Dazwischen Hertha in Regensburg, ein Spiel, das nicht nur aufgrund der viel tieferen Kameraperspektive in einer ganz anderen Dimension stattzufinden schien. Ein 5:1-Sieg, bei dem auch Marvin Knoll sich in die Schützenliste eintragen durfte, dazu ein vierfach beteiligter Ronny (besonders schön sein Tor zum 4:1, er bekommt den Ball so in den Lauf, dass er sich mit dem rechten Fuß ein wenig strecken muss, gerade diese Streckung nützt er aber dazu, ihn sich perfekt auf den linken zu legen). Mich freut die Überlegenheit von Luhukays auch dieses Mal wieder mindestens so sehr innenpolitisch wie taktisch formierter Elf, aber sie hat etwas Unwirkliches, denn sie lässt sich nicht projizieren: Sie betrifft ausschließlich diese Liga in dieser Saison, und sie wird von einer Mannschaft erspielt, von der ich mir nicht vorstellen möchte, wie es ihr eine Etage höher erginge.

Nach der ersten Halbzeit sprach die Sky-Reporterin (sie bewies, dass sie alle Kommentatorenphrasen drauf hat, eigener Ausdruck wird vielleicht noch kommen) von "Luft nach oben". Sie meinte das natürlich bezogen auf das Spiel in Regensburg, aber es lässt sich auf Herthas aktuellen Weg übertragen: Wir beobachten eine bemerkenswerte Binnen-Thermik in einem kleinen Seitental des Weltfußballs.
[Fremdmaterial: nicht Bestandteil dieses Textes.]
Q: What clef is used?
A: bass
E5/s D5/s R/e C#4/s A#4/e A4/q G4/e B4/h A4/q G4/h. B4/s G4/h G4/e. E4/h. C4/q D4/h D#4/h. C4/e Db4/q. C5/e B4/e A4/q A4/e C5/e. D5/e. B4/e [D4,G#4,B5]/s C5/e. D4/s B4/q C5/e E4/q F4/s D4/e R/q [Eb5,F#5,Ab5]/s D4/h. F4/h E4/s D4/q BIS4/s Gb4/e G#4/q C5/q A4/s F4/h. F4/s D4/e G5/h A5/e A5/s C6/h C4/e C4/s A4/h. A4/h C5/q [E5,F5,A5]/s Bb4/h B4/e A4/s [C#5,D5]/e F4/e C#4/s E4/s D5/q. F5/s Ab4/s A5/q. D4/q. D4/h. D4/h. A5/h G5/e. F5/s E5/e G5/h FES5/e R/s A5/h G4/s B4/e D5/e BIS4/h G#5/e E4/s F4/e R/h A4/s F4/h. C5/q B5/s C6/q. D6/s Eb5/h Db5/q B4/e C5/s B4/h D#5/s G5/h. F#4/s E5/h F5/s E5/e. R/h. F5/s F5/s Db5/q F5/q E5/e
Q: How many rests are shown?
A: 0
Ob da aber etwas zusammenwächst, was den Turbulenzen des eigentlichen Betriebs gewachsen sein wird? Zum Glück muss die Frage jetzt nicht beantwortet werden, sie wird sich in den nächsten Monaten, Jahren von selbst beantworten. Nur eines können wir mit ziemlicher Sicherheit sagen: Derzeit hat Hertha einen Trainer, der genau für die Berliner Luft gemacht zu sein scheint, die bekanntlich immer dick und dünn zugleich ist.